- _Provided data_
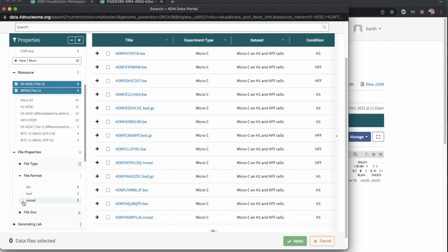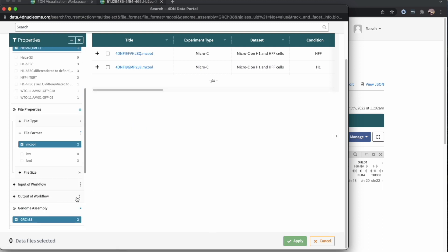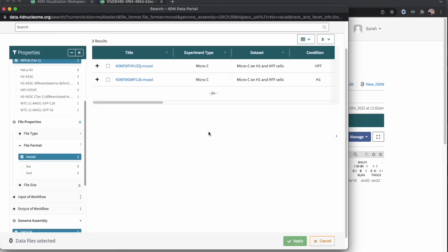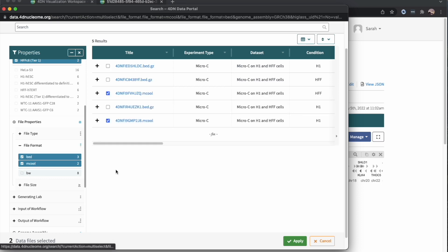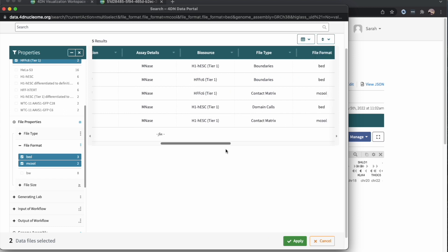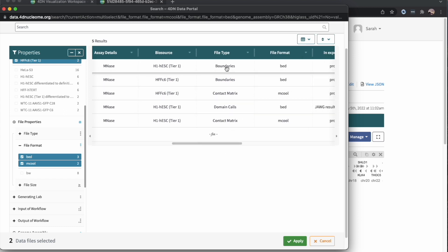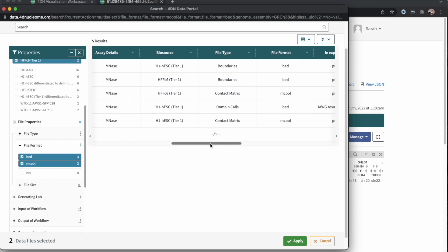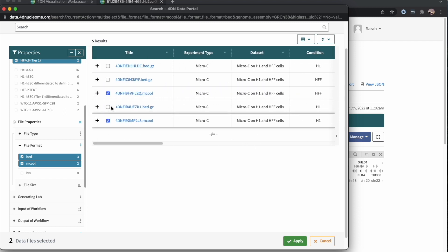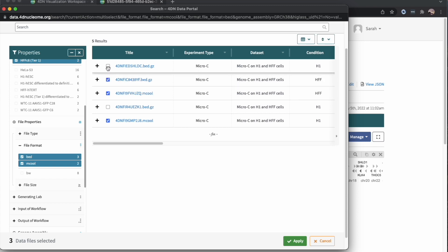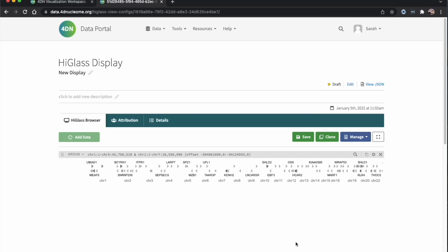Then I'll also first look for the M-cools, which are the contact matrices. So I'll click on this HFF and H1. Then I'll add the BED files, which include boundaries. So the HFF and H1, I can click on Apply.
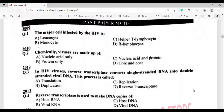As-salamu alaykum, welcome to my channel 'Learning with Tricks.' In today's video, I have brought you the biology past paper MCQs of MDCAT, chapter: Acellular Life. I request you to subscribe to my channel and support it, so that you can reach more children's videos — for those who can't afford a separate preparation for MDCAT or a practice book.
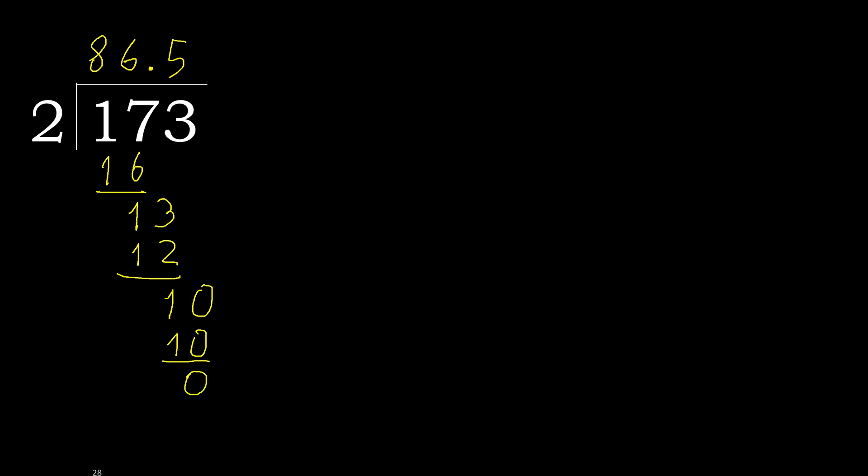0. Therefore finish it. 173 divided by 2 is here, ok.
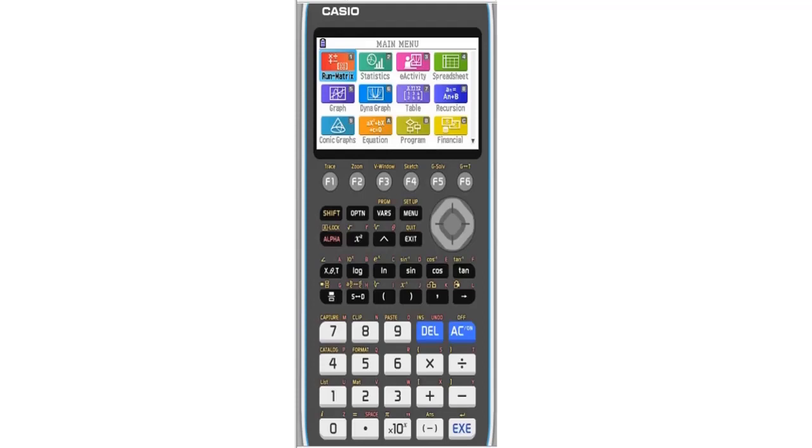In this video I'm going to show you how you can reset the Casio FX-CG50 calculator. There are basically two ways you can do this, and I'm going to show you both ways.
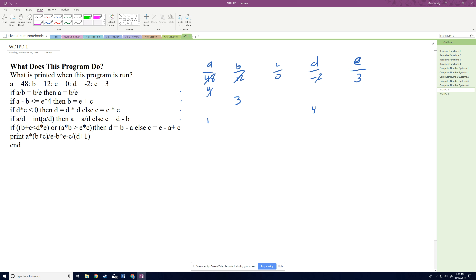Now we check: if b plus c — which is 3 plus 0 — is less than d times e — which is 12. That's true, so with short-circuit evaluation we don't even check the second part. We then change d to b minus a, which is 3 minus 1, so d becomes 2. Our final values are: a=1, b=3, c=0, d=2, e=3.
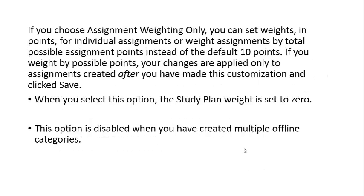If you choose Assignment Weighting Only, you can set weights in points for individual assignments or weight assignments by total possible points instead of the default ten points. If you weight by possible points, your changes are applied only to assignments created after you have made this customization and clicked Save. When you select this option, the study plan weight will be set to zero. This option is disabled if you have created multiple offline categories.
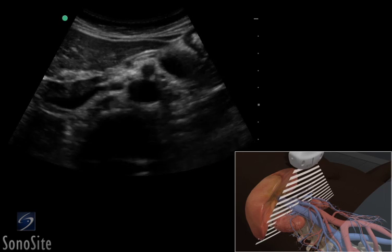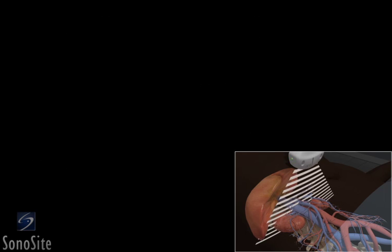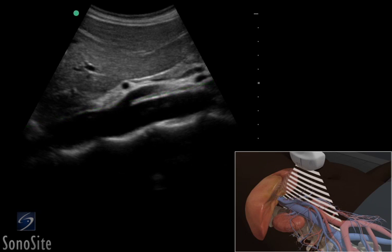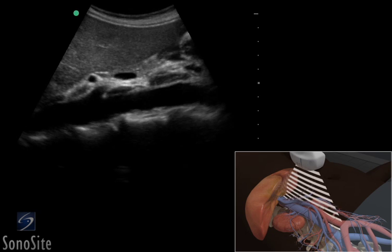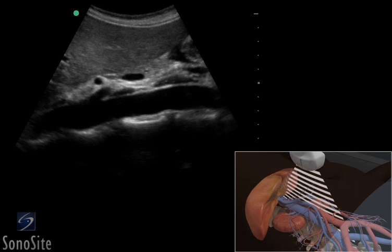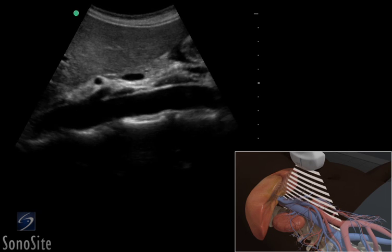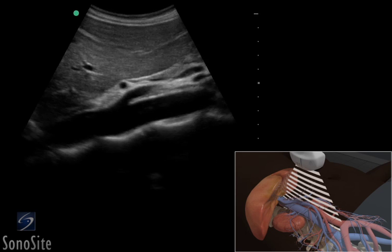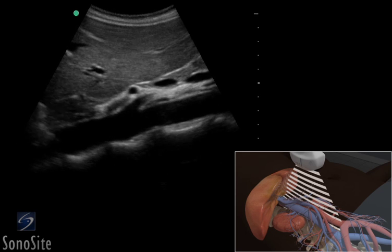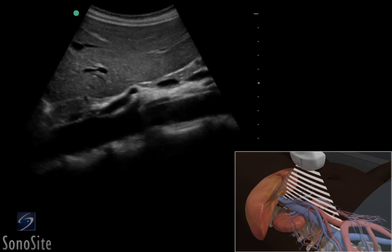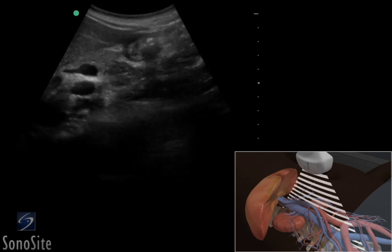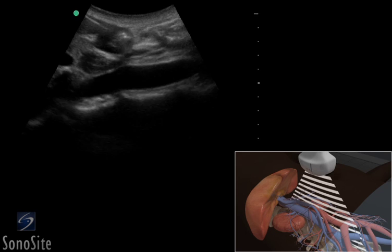The transducer is returned to the epigastric area and rotated 90 degrees clockwise with the orientation marker to the patient's head. The transducer is swept side to side to identify the maximal diameter of the aorta. The abdominal aorta will have proximal to distal taper. The transducer is moved distally to evaluate the walls of the aorta for any change in shape or size.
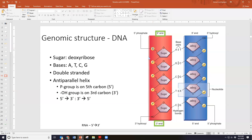At the bottom of the strand, the last sugar has a hydroxyl group (oxygen and hydrogen) coming off the third carbon — the 3' prime position. Since that hydroxyl group is pointing down, we say that end of the DNA is the 3' prime end. This is what gives our strands of nucleic acid directionality: the phosphate pointing up off the fifth carbon is the 5' prime direction, and the hydroxyl group pointing down is the 3' prime end.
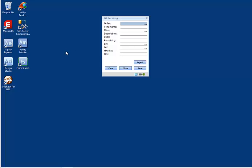So now that we know what a form is, what exactly is Agility Form Studio? Agility Form Studio is a visual design tool for modifying existing or creating new forms to run in YSYS Agility Mobile.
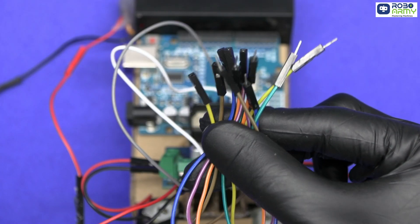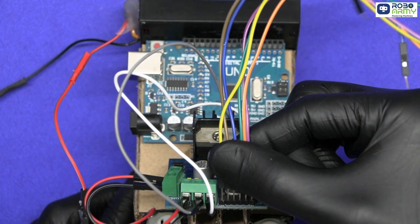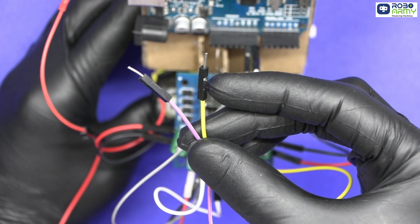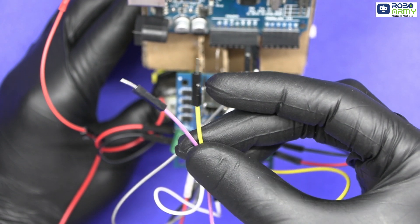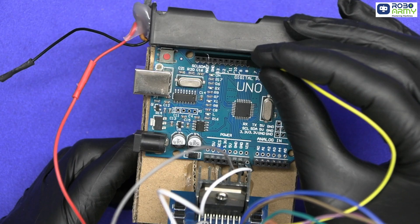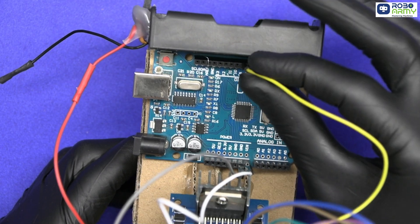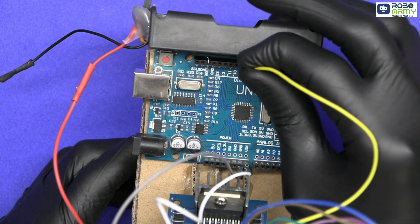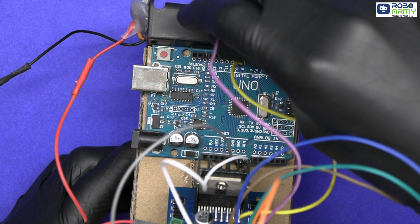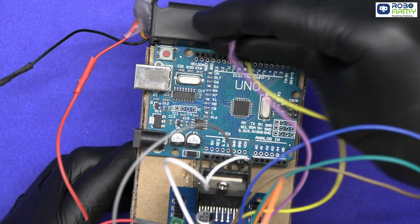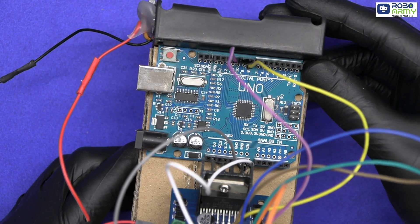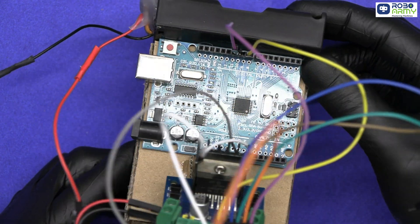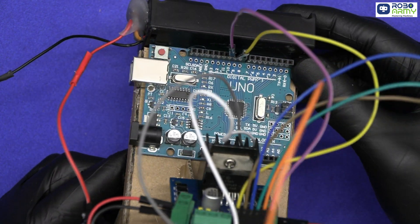Now insert male to female jumper wires in these pins. Connect the Enable A and Enable B pins to two PWM pins on the Arduino, which means pulse width modulation pins. Here I am connecting it to pin number 9 and 10 respectively. These pins will control the speed of the motors.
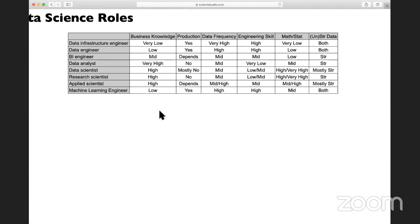Data analysts usually don't touch the production system. Data scientists and research scientists usually don't work with production systems either — it's more about ad hoc analysis or using a sample of data to do modeling. But data scientists and applied scientists sometimes will work with production depending on how strong your engineering background is and what type of company you're working at. Applied scientists are more engineering-heavy than data scientists.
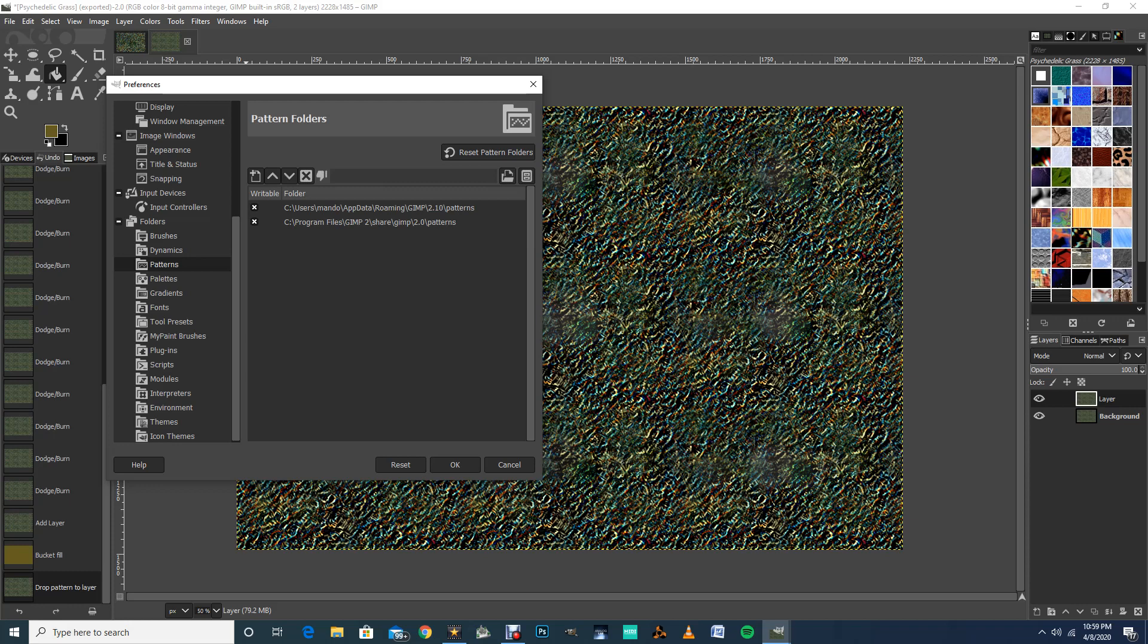This one does not allow me to save patterns in there, so I use the top one. That's why I had to go through that whole process.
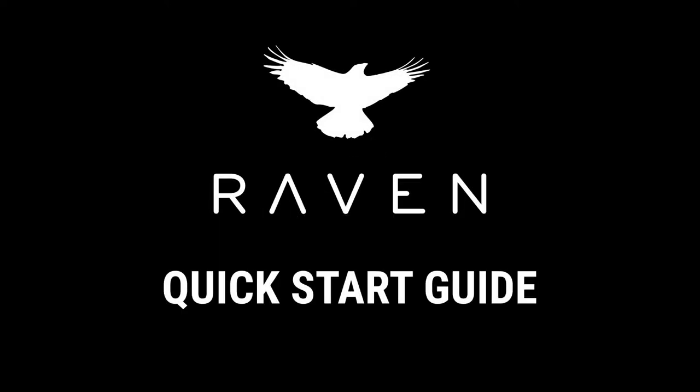Welcome to the Raven Quick Start Guide. In this video, we will walk you through configuring the hardware and the software for your Ravens. Let's begin.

- _Assignment_
Make an exact copy of the data, leaving its pictures out.

- _Output for this task_
Then I'll also first look for the M-cools, which are the contact matrices. So I'll click on this HFF and H1. Then I'll add the BED files, which include boundaries. So the HFF and H1, I can click on Apply.
As-salamu alaykum, welcome to my channel 'Learning with Tricks.' In today's video, I have brought you the biology past paper MCQs of MDCAT, chapter: Acellular Life. I request you to subscribe to my channel and support it, so that you can reach more children's videos — for those who can't afford a separate preparation for MDCAT or a practice book.
0. Therefore finish it. 173 divided by 2 is here, ok.
In this video I'm going to show you how you can reset the Casio FX-CG50 calculator. There are basically two ways you can do this, and I'm going to show you both ways.
Now we check: if b plus c — which is 3 plus 0 — is less than d times e — which is 12. That's true, so with short-circuit evaluation we don't even check the second part. We then change d to b minus a, which is 3 minus 1, so d becomes 2. Our final values are: a=1, b=3, c=0, d=2, e=3.
If you choose Assignment Weighting Only, you can set weights in points for individual assignments or weight assignments by total possible points instead of the default ten points. If you weight by possible points, your changes are applied only to assignments created after you have made this customization and clicked Save. When you select this option, the study plan weight will be set to zero. This option is disabled if you have created multiple offline categories.
The transducer is returned to the epigastric area and rotated 90 degrees clockwise with the orientation marker to the patient's head. The transducer is swept side to side to identify the maximal diameter of the aorta. The abdominal aorta will have proximal to distal taper. The transducer is moved distally to evaluate the walls of the aorta for any change in shape or size.
At the bottom of the strand, the last sugar has a hydroxyl group (oxygen and hydrogen) coming off the third carbon — the 3' prime position. Since that hydroxyl group is pointing down, we say that end of the DNA is the 3' prime end. This is what gives our strands of nucleic acid directionality: the phosphate pointing up off the fifth carbon is the 5' prime direction, and the hydroxyl group pointing down is the 3' prime end.
So now that we know what a form is, what exactly is Agility Form Studio? Agility Form Studio is a visual design tool for modifying existing or creating new forms to run in YSYS Agility Mobile.
Now insert male to female jumper wires in these pins. Connect the Enable A and Enable B pins to two PWM pins on the Arduino, which means pulse width modulation pins. Here I am connecting it to pin number 9 and 10 respectively. These pins will control the speed of the motors.
Data analysts usually don't touch the production system. Data scientists and research scientists usually don't work with production systems either — it's more about ad hoc analysis or using a sample of data to do modeling. But data scientists and applied scientists sometimes will work with production depending on how strong your engineering background is and what type of company you're working at. Applied scientists are more engineering-heavy than data scientists.
This one does not allow me to save patterns in there, so I use the top one. That's why I had to go through that whole process.
Welcome to the Raven Quick Start Guide. In this video, we will walk you through configuring the hardware and the software for your Ravens. Let's begin.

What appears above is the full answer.